22. The very pulse of the machine] The image is bold and not very graceful. What Wordsworth means is that he discerns the animating spirit which directs his wife in the common tasks of daily life. Such tasks, mechanical in themselves are ennobled by a conscious and contented obedience to duty, the 'stern Daughter of the Voice of God.'

I WANDERED LONELY AS A CLOUD.

Wordsworth dated this poem, published in 1807 (without the second stanza) and classified afterwards among Poems of the Imagination (No. XII), as composed in 1804. His note is: 'Written at Town-end, Grasmere. The Daffodils grew and still grow on the margin of Ullswater, and probably may be seen to this day as beautiful in the month of March, nodding their golden heads beside the dancing and foaming waves.' Dorothy Wordsworth (Journals, 1, 106) shews that the idea of the stanzas must have taken root as early as 15 April, 1802, when she and her brother were walking along the left bank of Ullswater.
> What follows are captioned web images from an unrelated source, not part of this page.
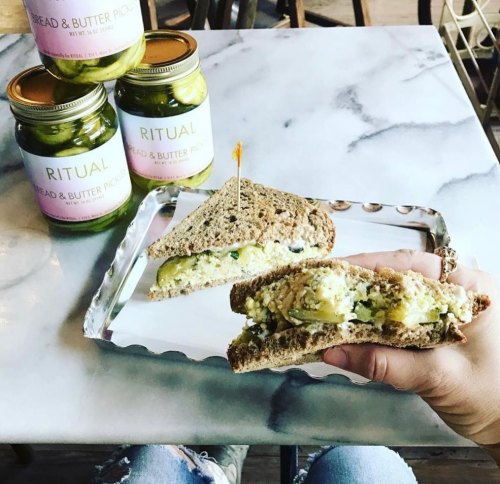 A hand holds a sandwich on a plate, with jars of pickles in the background on a marble table.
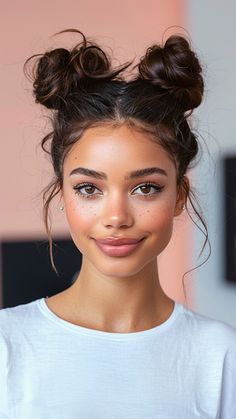 a young woman with her hair in a messy topknot is smiling at the camera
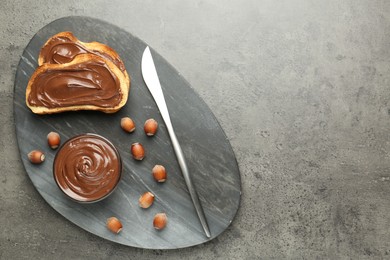 Photo of Toasts with tasty chocolate spread and hazelnuts on gray textured table, top view. Space for text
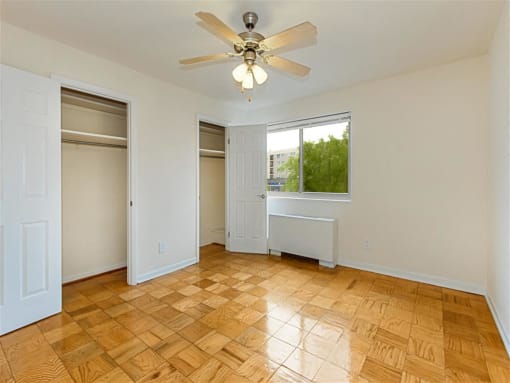 vacant bedroom with hardwood flooring, view of closets, windows, and ceiling fan at chillum place apartments in lamond riggs washington dc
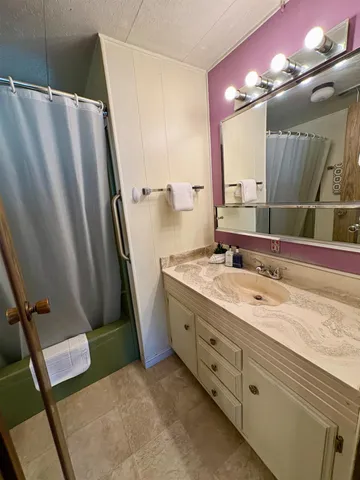 a bathroom with double vanity and a mirror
21. that inward eye] See note on Tintern Abbey, 47 (p. 110 above). Coleridge (Biog. Literaria, ed. Ashe, p. 221) thought that 11. 23, 24, following upon this description of the association of visual images with the memory, had an effect of bathos, and cited the passage as a case in which there was 'a disproportion of thought to the circumstance and occasion,' adding 'This, by-the-by, is a fault of which none but a man of genius is capable.' Wordsworth attributed the suggestion of ll. 21, 22, 'the two best lines' in the poem, to his wife.

Written in 1805.

ODE TO DUTY.

Published 1807. Classified among Poems of Sentiment and Reflection (No. xx). 'This ode is on the model of Gray's Ode to Adversity, which is copied from Horace's Ode to Fortune' (i.e. Horace, Carm. I, xxxv). Wordsworth prefixed a Latin motto to the ode: 'Jam non consilio bonus, sed more eò perductus, ut non tantum rectè facere possim, sed nisi rectè facere non possim,' i.e. 'Good no longer of deliberate intent, but brought by the guidance of habit to such a point, that not only can I act rightly, but cannot act otherwise than rightly.'

I. The opening directly recalls the first line of Gray's ode, which addresses Adversity as 'Daughter of Jove, relentless power.' Duty is the offspring of conscience, the voice of God speaking to man. Wordsworth (Excursion, IV, 226) speaks of the reverence due to conscience 'as God's most intimate presence in the soul.'

3. a light to guide] Cf. Ps. cxix, 105. The same psalm provides several parallels to the first stanza of this ode: cf., e.g., 11. 5, 6 with v. 107, and 1. 7 with vv. 113, 176.

19, 20. Love and joy are strengthened and purified by duty. Love leaves vain desires for steady and permanent objects: joy finds its security in its consciousness of right motive.

28. my trust] I.e. in my own direction. He has tried to do what is right and resist casual inclinations, but, depending

upon his own counsel, has not always acted in harmony with duty.

33. no disturbance of my soul] Cf. Laodamia, 74, 75: the Gods approve

The depth, and not the tumult, of the soul.

37. unchartered] Without the charter or privilege which duty confers.

38. chance-desires] The casual longings which tempt the soul to restlessness when in a condition of uncontrolled freedom. Devotion to duty (ll. 39, 40) controls the temptation to random fancies and gives the mind settled repose.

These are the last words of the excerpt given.